In the morning EfficientTimes and I walked in the rain (finding our way and all that) to Shin-Okubo [新大久] (did I mention in the rain?). On the way we just walked under a bridge to wait the worst of the downpour out. By the time we arrived at our destination, though, it had cleared out. We were walking to Kaichū Inari Jinja [皆中稲荷神社], also called Minna Ataru no Inari.
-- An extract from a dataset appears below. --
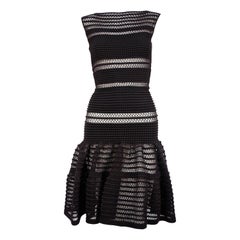 Azzedine Alaia - Robe en maille de dentelle noire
The legend tells that after the introduction of firearms in the Edo Period a battalion was stationed in the area. The captain could not shoot well, no matter how much he trained. The deity Inari appeared to him in a dream and after he went to the shrine to say thank you, he became a great shooter. Not only him, all of the battalion went to the shrine and they became good shooters. Both “Minna Ataru” and “Kaichū” translate as “hit all the targets” and at the same time “everybody hits”. Nowadays Japan does not have firearms, but people still want to hit… for concerts! And thus Kaichū Inari has become the fan-shrine, where people go to pray to hit for lotteries for concerts and events!
I’m not even kidding.
After this we headed off to Odaiba [お台場] again, to meet with N***chan for lunch. We made a short visit to the Unicorn Gundam.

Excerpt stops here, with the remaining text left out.